Print, exactly and with no pictures, the line containing "Delicious Easter holiday" and each line after it to the end of the entries below.

(Short web captions)
* * * * * * *

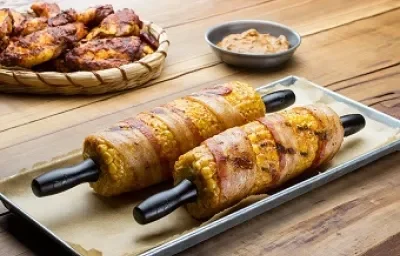 elotes envueltos con tocino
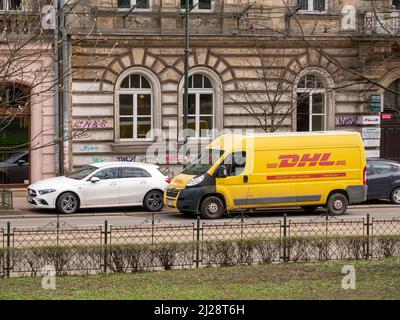 DHL package delivery service truck, van, vehicle parked on the street near a building, DHL German logistics courier company, urban area, Krakow, Polan Stock Photo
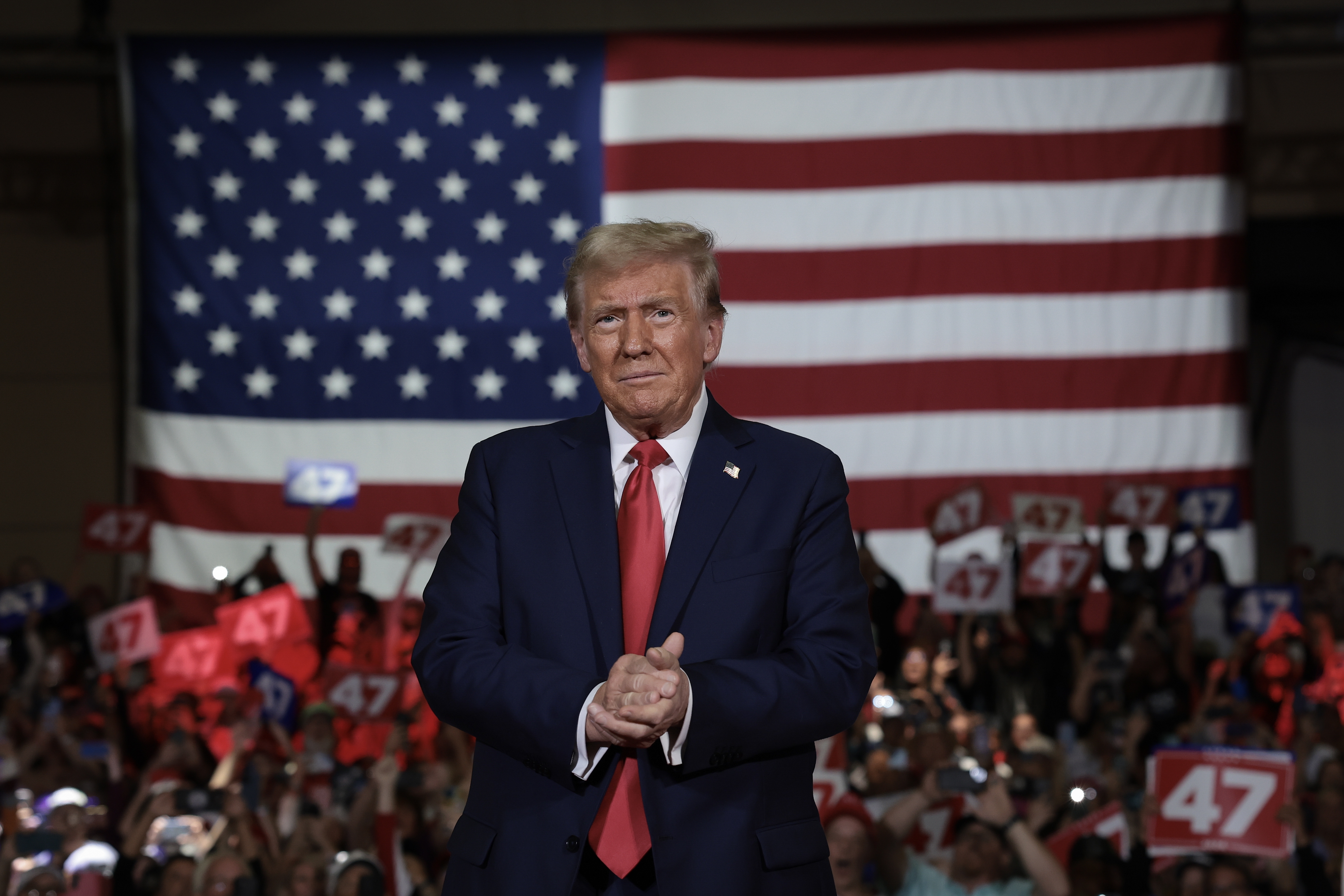 Republican presidential nominee, former President Donald Trump, arrives on stage during a town hall campaign event at the Lancaster County Convention Center on Oct. 20 in Lancaster, Pa.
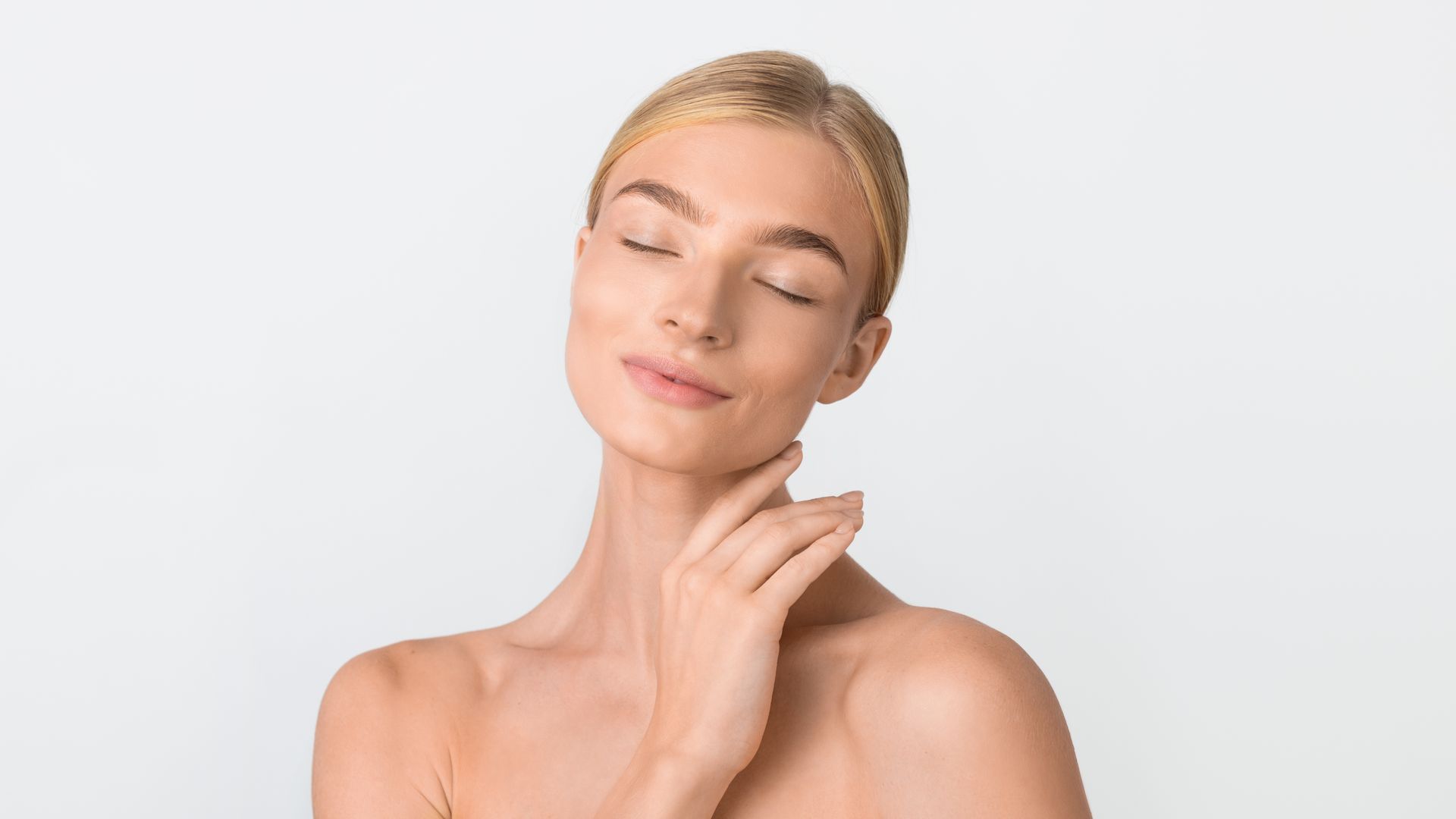 Woman with fair skin touches her neck, eyes closed, against a white background.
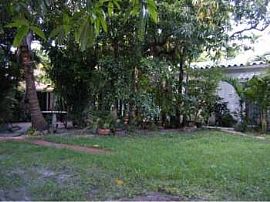 Beautiful Design District Home for Rent 3/2 w/ Lush Landscaping in Miami, FL (Photo 2 of 6)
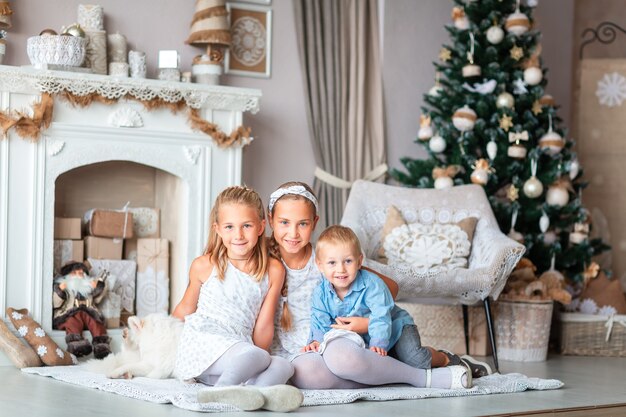 Niños felices cerca del árbol de Navidad con regalos junto a la chimenea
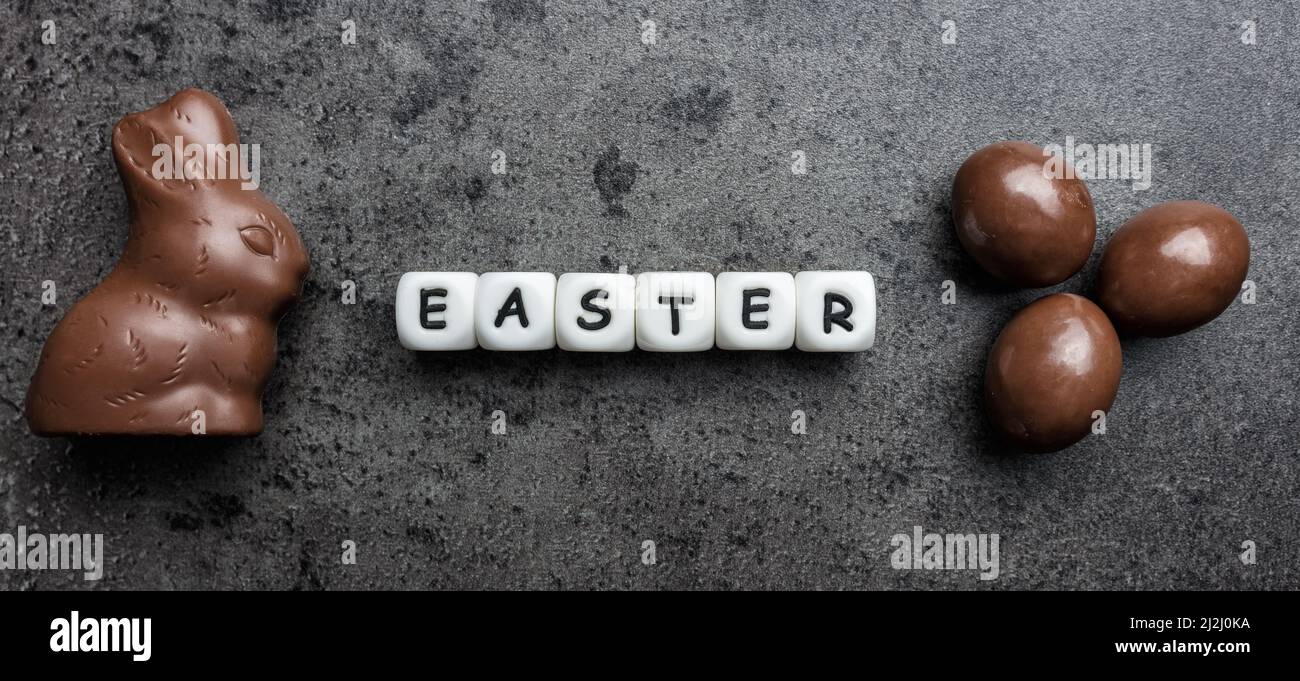Delicious Easter holiday chocolate bunny, eggs and sweets Stock Photo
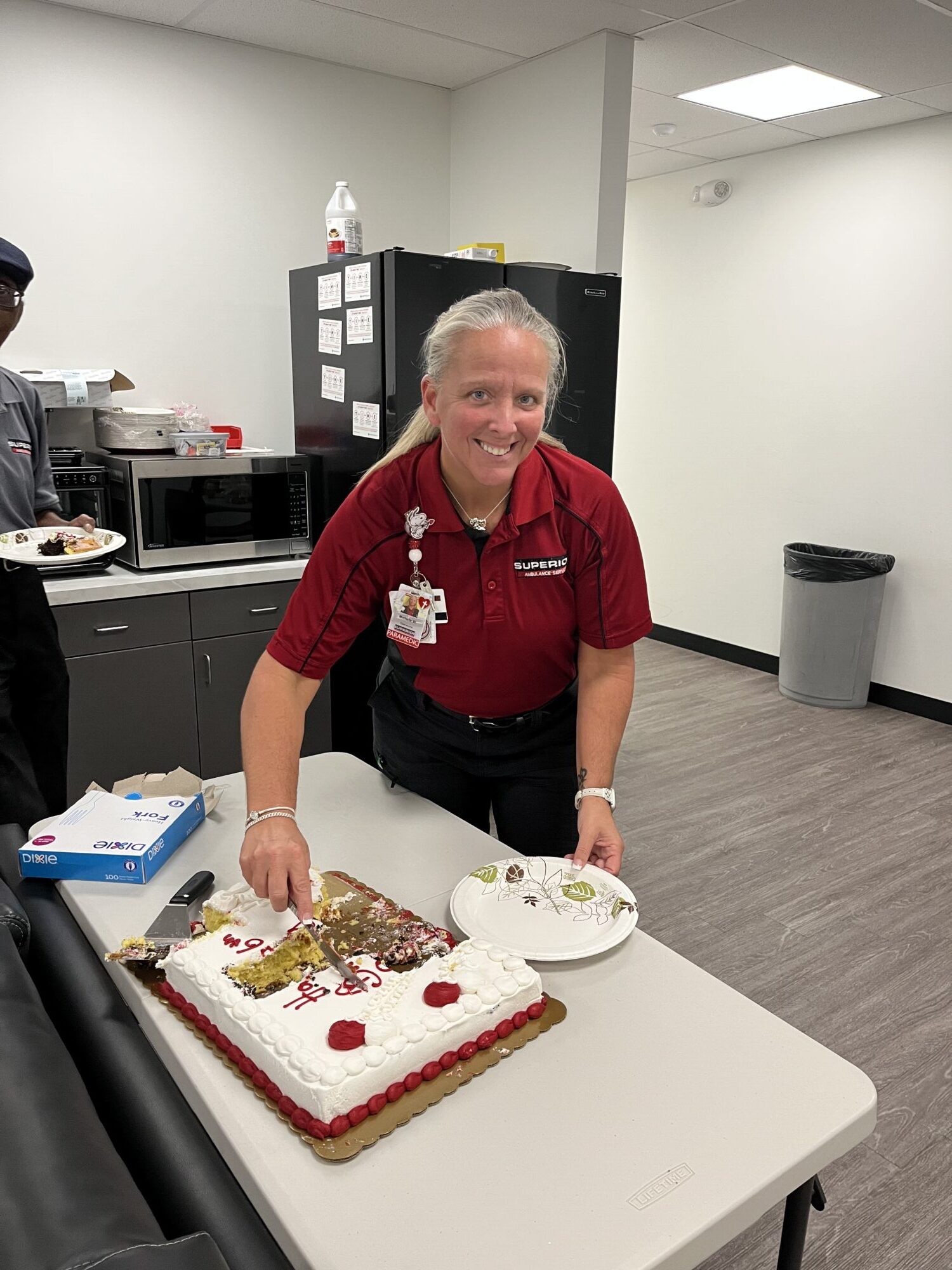 Ohio team celebrating Superior's 66th anniversary with cake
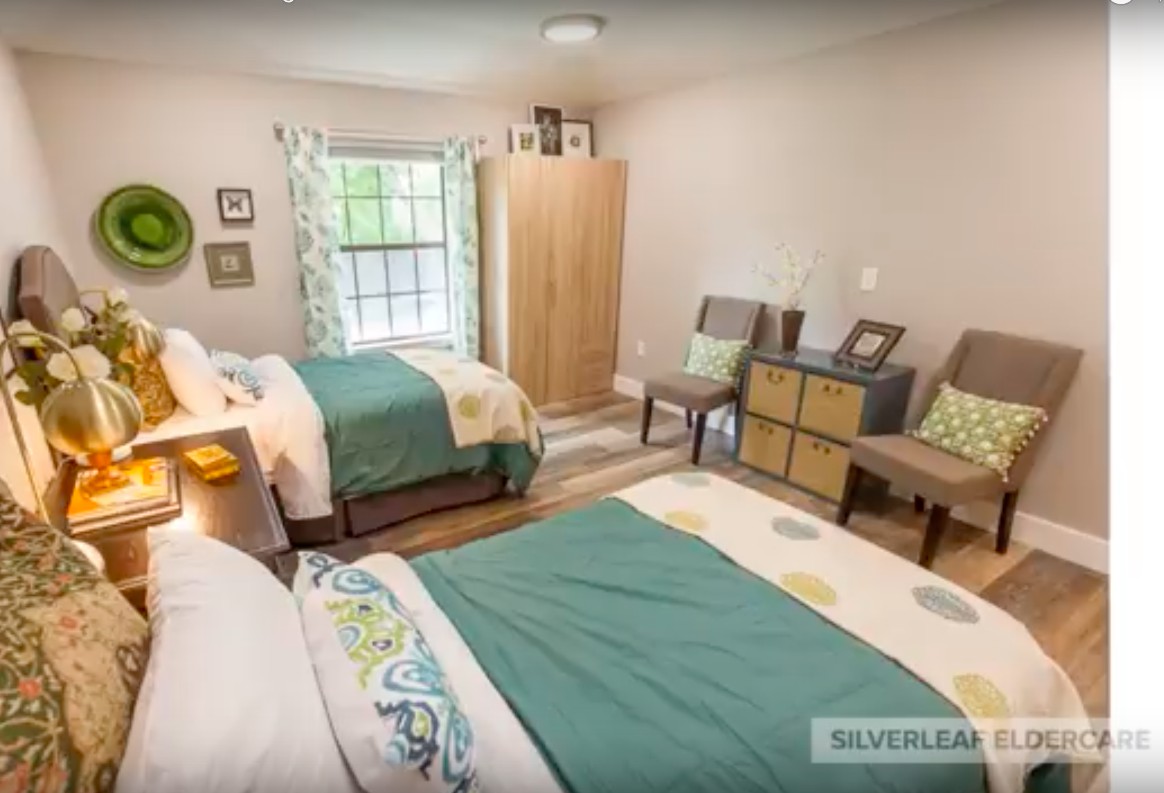 A cozy bedroom with two beds, a wardrobe, and chairs by the window.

* * * * * * *

Solution:
Delicious Easter holiday chocolate bunny, eggs and sweets Stock Photo
 Ohio team celebrating Superior's 66th anniversary with cake
 A cozy bedroom with two beds, a wardrobe, and chairs by the window.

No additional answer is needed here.